What you have to do: The data below should be retyped exactly, with the pictures left out.

Information supplied:
====================

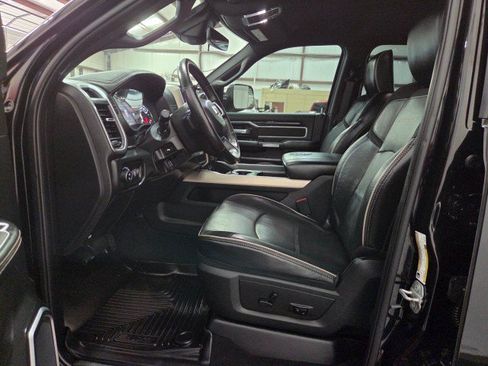 Used 2019 RAM 2500 Laramie w/ Black Appearance Package AWD/4WD image 6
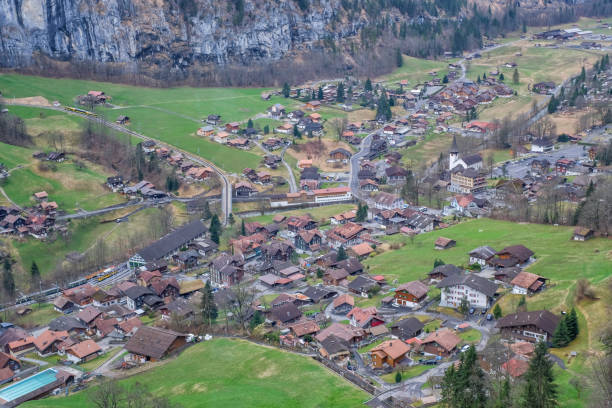 panoramic view of grindelwald beautiful village in mountain scenery, switzerland - interlaken railroad station train rural scene imagens e fotografias de stock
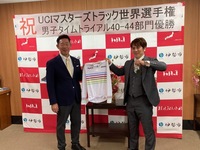 写真:会場での記念撮影の様子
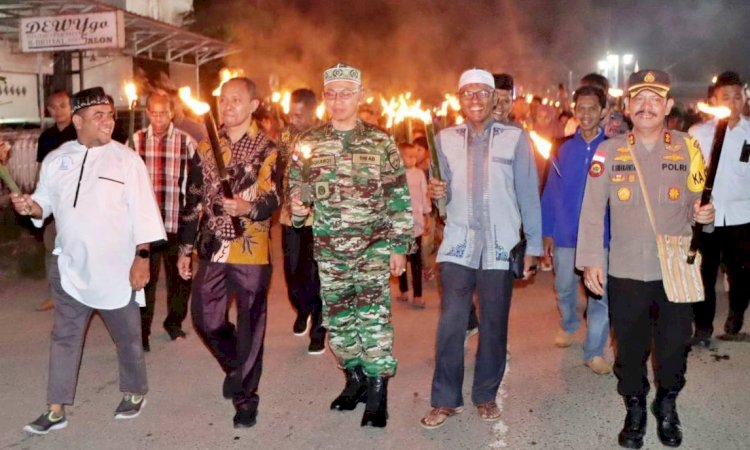 Malam Takbiran di Tapal Batas, Kapolres Belu Bersama Wakil Bupati dan Ketua MUI Jalan Kaki Pimpin Rombongan Pawai Obor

====================

Worked solution:
 Used 2019 RAM 2500 Laramie w/ Black Appearance Package AWD/4WD image 6
 panoramic view of grindelwald beautiful village in mountain scenery, switzerland - interlaken railroad station train rural scene imagens e fotografias de stock
 写真:会場での記念撮影の様子
 Malam Takbiran di Tapal Batas, Kapolres Belu Bersama Wakil Bupati dan Ketua MUI Jalan Kaki Pimpin Rombongan Pawai Obor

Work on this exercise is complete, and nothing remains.